Like any faculty member teaching a course with a lab component, Jesus del Alamo has to deal with gear that’s been broken by students.

In his case, the gear is the transistors he uses to teach how the reality of transistor function compares with the theory. And the problem usually crops up on assignment deadlines. “If an assignment’s due at 10 a.m., most of the students will be taking their measurements the night before,” he says. “And what happens is, somebody blows up one of the transistors at 2 a.m. So when I come in, I have all these emails from students saying they couldn’t complete their assignments.”

Del Alamo’s next step is to replace the bad transistor — again, just what any other faculty member would do, except that no student has been anywhere near the equipment.

So why the problem? It’s because del Alamo, a professor of electrical engineering and computer science, runs WebLab, one of the first teaching labs in the world where the equipment is real but students’ interactions with it are online.

It works like this: Del Alamo has set up eight transistors in a lab two floors down from his office. The devices are linked into a sophisticated instrument that can regulate their operations. And that instrument in turn is connected with a server which students can access remotely.

“Our software provides a simplified control panel for the instrument that appears on the students’ screens, and a manual on how to program the instrument,” explains del Alamo.

The software includes some constraints — you can’t order up a 1,000-volt surge through one of the transistors’ terminals, for example. Still, notes del Alamo, “Somebody will always find a way to blow one up.”


The faculty member emphasizes that WebLab isn’t a substitute for hands-on projects but adds that space constraints, safety issues, costs and other hurdles make it impractical to create a full-scale lab for every course.

“The classes I designed this system for are on the physics of transistors,” says del Alamo, “and until WebLab, we simply couldn’t offer our students a lab experience.”

Del Alamo is convinced WebLab helps students. James Hardison, a junior electrical engineering and computer science major, agrees. “It takes you from just seeing pictures and reading theory in a textbook to working with a real device,” says Hardison. “And you don’t have to go out at some ungodly hour because you haven’t done your lab assignment yet.”

WebLab is part of the I-Campus program MIT has launched in partnership with Microsoft. Soon to come are other systems that will let students do lab work online. Among them are Web-linked chemical reactors and heat exchangers, both from the Chemical Engineering Department. There are even plans to put sensors on the Killian Court flagpole so civil engineering students can test the effects of wind and weather on the structure.

But it’s no accident del Alamo launched the first of these innovative labs. At MIT since 1988, he’s long been focused on how to teach better. It’s also true, though, that he didn’t start out his career with the goal of becoming a noted educational innovator.


Del Alamo received his bachelor’s degree at a university in his native Spain and his Ph.D. at Stanford. His first job was with telecommunications giant NTT in Japan. When MIT came knocking with an offer of a faculty position, though, he was intrigued.

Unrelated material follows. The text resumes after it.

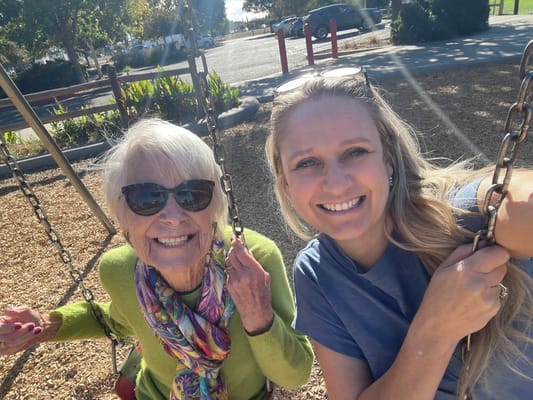 Smiling older woman and caregiver on swings in a park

“The EECS department was creating a very strong micro-electronics program,” he says, “and I was attracted to being part of that.”

The job’s teaching component wasn’t a major factor in his decision, but he soon found he liked that element, too. “I have a lot of admiration for MIT students,” he says. “They’re going to have a great impact on the world, and that makes teaching them an exhilarating experience.”

Del Alamo won several teaching prizes, including his department’s prestigious Louis D. Smullin Award. But he wasn’t satisfied — especially given that he couldn’t offer a lab experience in some courses. “I’m a hands-on type of guy,” he explains, “and I feel strongly that you shouldn’t just learn the theory but apply it.”

As he watched the Web evolve, del Alamo became intrigued by its potential. Happily for him, he had students who shared his enthusiasm.

Not being a computer scientist, he entrusted much of the task of developing WebLab’s core software to one of his undergraduate research assistants, Lane Brooks. The student, since graduated, was a sophomore at the time. “I really believe he’s a genius,” del Alamo says of Brooks. “He came up with an architecture for the system that’s just fantastic.”

Del Alamo’s current priority — again with extensive student help — is building the pedagogical infrastructure to make WebLab still more effective. One example is software that lets him monitor how students are doing from pretty much anywhere, including his home. “They can show me the measurements they’re taking and the results they’re getting,” he says, “and I can help them get it all to work out.”

He’s also deciding what to do about the growing stream of requests from all over the world for collaborations. Del Alamo isn’t sure which schools he’ll choose as partners, but does have some personal criteria in mind. “One of the things I’d like to do,” he says, “is to help offer a lab experience to students at universities in developing countries that can’t afford to set up a system like WebLab.”